Gareth Flowers – Acousmatic Album Review (w/ Full Album Stream)

It’s been my contention for the last five years or so that loop pedals are the coolest musical invention of the modern era, almost cooler than say, wah pedals or even the vaunted digital delay effect. How cool are loop pedals? Well, they can even make instrumental trumpet music sound interesting, apparently. There are a billion drone artists and records coming out these days, partially because of the ease with which one can make a drone album, and the fact that drone just kind of sounds awesome, but until now, I was yet to hear a specialty trumpet drone record. Maybe there are others, but this is my first exposure to the ambient trumpet drone concept — which makes it an interesting gem to have in my collection for novelty’s sake alone.

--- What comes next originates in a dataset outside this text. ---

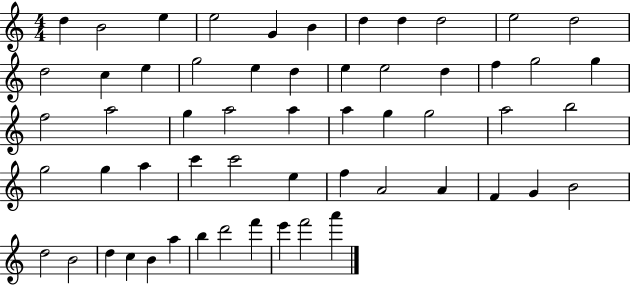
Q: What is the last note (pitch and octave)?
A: A6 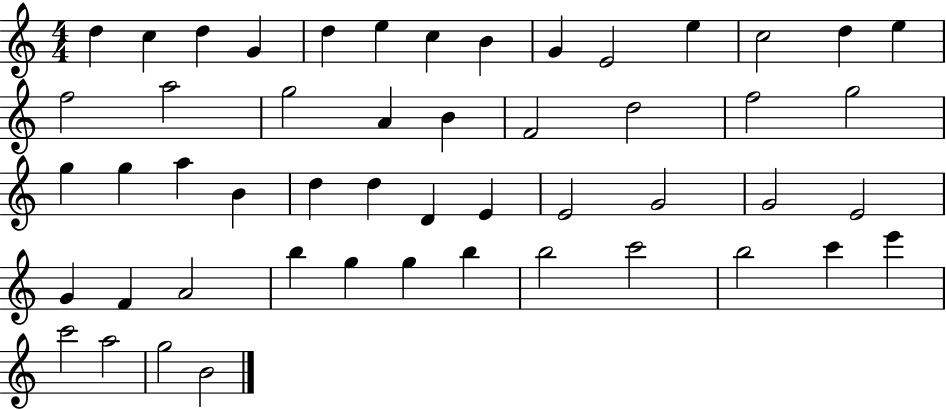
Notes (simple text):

But it goes well beyond that. This record is quite gorgeous or shimmery, or gorgeously shimmery, or some other combination of those words — ones which I don’t use to describe music very often at all. It’s really little more than trumpet phrases run through a loop pedal with maybe some reverb and a bit of delay — then continually contorted, re-looped, manipulated, etc. There are maybe a few keyboard blips here and there, but it’s very minimal on that front. And yet, this record wouldn’t have nearly the potency that it does if it was anything else. I have no idea why, but every time I put on this disc, I think of skyscrapers at dawn with that time lapse footage where you can see all the elements and people moving around them at what looks like super speed. I see the waves crashing against the surf while the building just stand there — unfazed megaliths operating on a completely different time grid than the rest of us insects. We go about our business and they remain, forces of nature existing in their own austere universe, like the trees or the holy mountains. It’s a very intriguing vibe — one illuminating the difference between ourselves and our inventions, and the vast chasm between the consciousness of the two. Or at least that’s what it makes me ponder, whether that was the intention or not. It’s very soundtracky stuff, which gives the mind space to create whatever cinematic mental imagery it’s driven to concoct. Thumbs up.